Last year, Opposition leader Kamla Persad-Bissessar raised the issue of the lien. But in a subsequent media conference, Imbert said the lien was not an issue and that the Ministry of Finance would remove it to complete the deal. However, Roget said the Government did not do this, resulting in Patriotic offering an upfront payment of US$500 million due to the net-present value of the assets. Despite Cabinet appointing an evaluation committee last November to assess Patriotic’s new bid, there was no change.

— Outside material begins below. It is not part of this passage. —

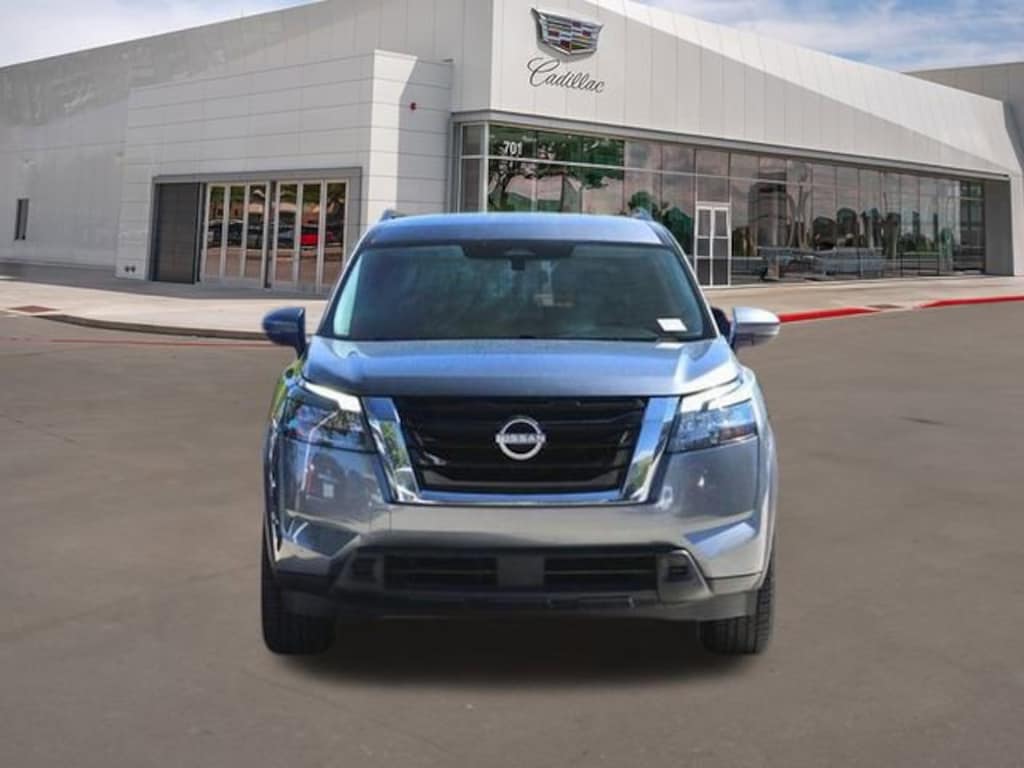 Used 2023 Nissan Pathfinder SV SUV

Yesterday, Roget said it was only late last year that they approached Royal Bank for financing and all the bank needed was a guarantee to sell from the Government, but this was not forthcoming. Patriotic later met with Credit Suisse, as it has financed Petrotrin and TPHL in the past.“All the Government has to do is to make good on its commitment to remove the lien. If you cannot remove the lien to make good on your offer, tell the country that and then let us proceed with Credit Suisse to close this agreement,” he said.Unsure why the Government refused Patriotic’s offer, Roget called on the public to keep a close eye on sale. He wondered whether the Cabinet or TPHL members had their preferred operator for the assets, especially as they expect someone to acquire and operate the refinery in quick time. He also questioned whether the Government was talking to another potential operator while negotiating with Patriotic.Asked how Patriotic was moving ahead, Roget said they were awaiting responses to letters sent to Imbert and Khan on Monday night. Following this, the union will have a meeting of its general council to plan its next move. He stressed that a Patriotic acquisition of the refinery was important to the economy, as it would provide jobs, foreign exchange and hope to a country in crisis.

The Government shut down Petrotrin in 2018, terminating approximately 5,000 employees. According to Roget, many are still unemployed in 2021. He said they have the knowledge and are willing and ready to get back on the job.